What the task requires → Beneath this line are entries. Copy the range from the line with "Any header you" to the line with "Continuous deployment, on", ends included, exactly; leave pictures out.

Data shown →
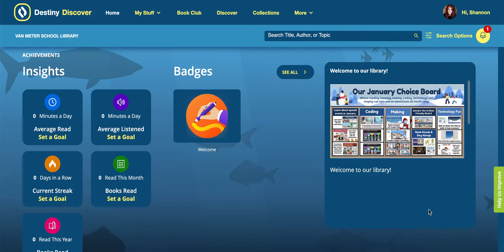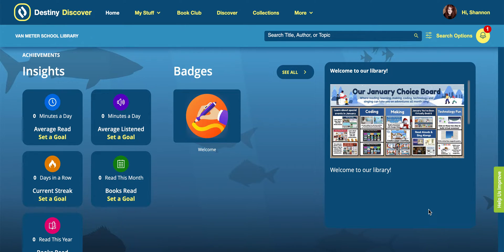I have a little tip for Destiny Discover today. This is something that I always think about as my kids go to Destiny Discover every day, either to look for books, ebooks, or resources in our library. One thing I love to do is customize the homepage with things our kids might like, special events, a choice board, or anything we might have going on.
* * *
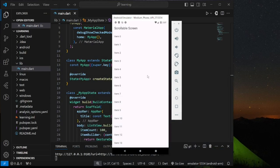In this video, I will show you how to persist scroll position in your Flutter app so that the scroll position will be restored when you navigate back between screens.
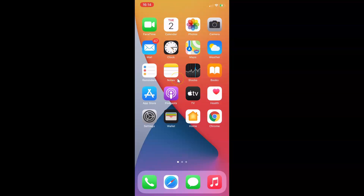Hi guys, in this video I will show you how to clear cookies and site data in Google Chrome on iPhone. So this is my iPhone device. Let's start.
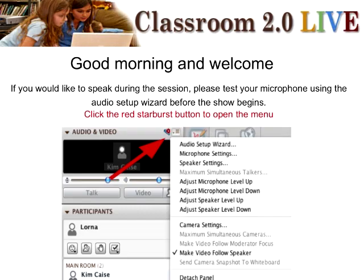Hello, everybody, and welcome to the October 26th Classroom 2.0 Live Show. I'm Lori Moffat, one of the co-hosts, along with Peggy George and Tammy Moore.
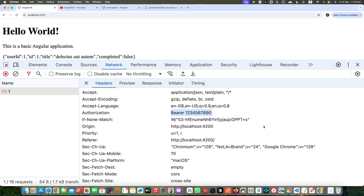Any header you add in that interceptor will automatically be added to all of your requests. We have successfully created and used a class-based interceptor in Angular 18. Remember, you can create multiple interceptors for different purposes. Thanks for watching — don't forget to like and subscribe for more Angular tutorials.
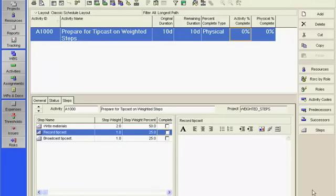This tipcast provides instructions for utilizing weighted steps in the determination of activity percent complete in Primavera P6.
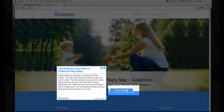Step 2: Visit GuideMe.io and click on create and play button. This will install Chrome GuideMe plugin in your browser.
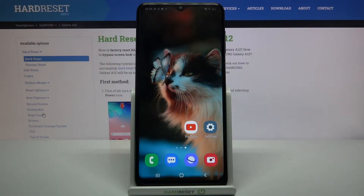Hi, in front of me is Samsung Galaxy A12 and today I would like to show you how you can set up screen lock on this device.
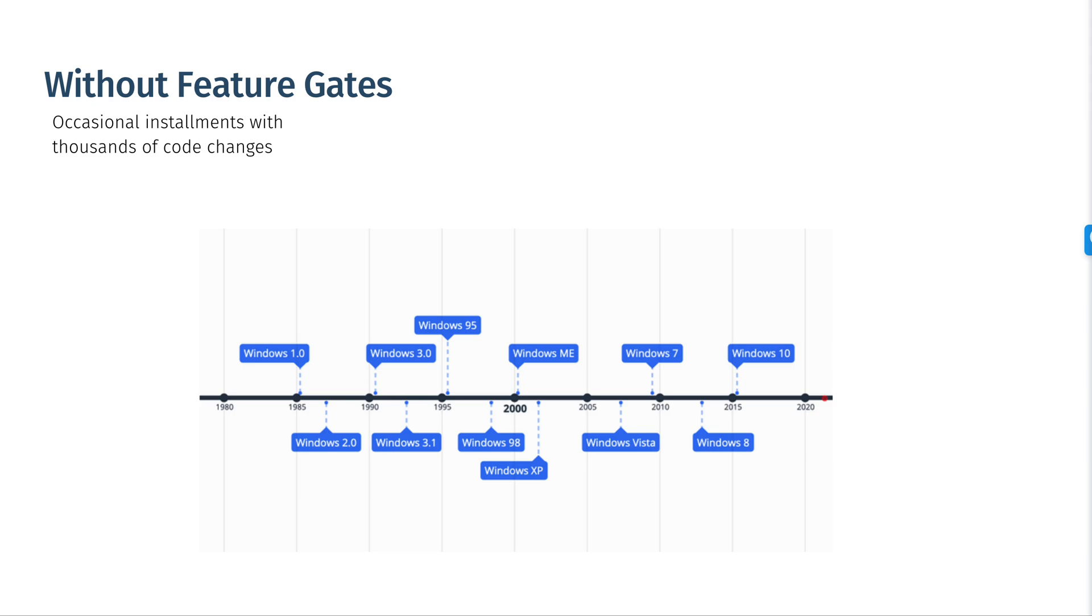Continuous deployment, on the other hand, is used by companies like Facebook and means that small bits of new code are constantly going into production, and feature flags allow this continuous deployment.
--
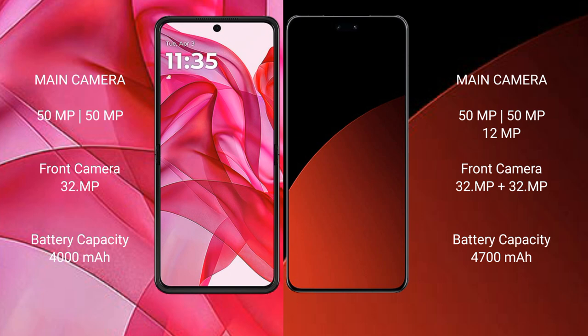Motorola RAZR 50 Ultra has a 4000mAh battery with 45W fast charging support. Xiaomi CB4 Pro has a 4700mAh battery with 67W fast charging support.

Answer below →
Any header you add in that interceptor will automatically be added to all of your requests. We have successfully created and used a class-based interceptor in Angular 18. Remember, you can create multiple interceptors for different purposes. Thanks for watching — don't forget to like and subscribe for more Angular tutorials.
This tipcast provides instructions for utilizing weighted steps in the determination of activity percent complete in Primavera P6.
Step 2: Visit GuideMe.io and click on create and play button. This will install Chrome GuideMe plugin in your browser.
Hi, in front of me is Samsung Galaxy A12 and today I would like to show you how you can set up screen lock on this device.
Continuous deployment, on the other hand, is used by companies like Facebook and means that small bits of new code are constantly going into production, and feature flags allow this continuous deployment.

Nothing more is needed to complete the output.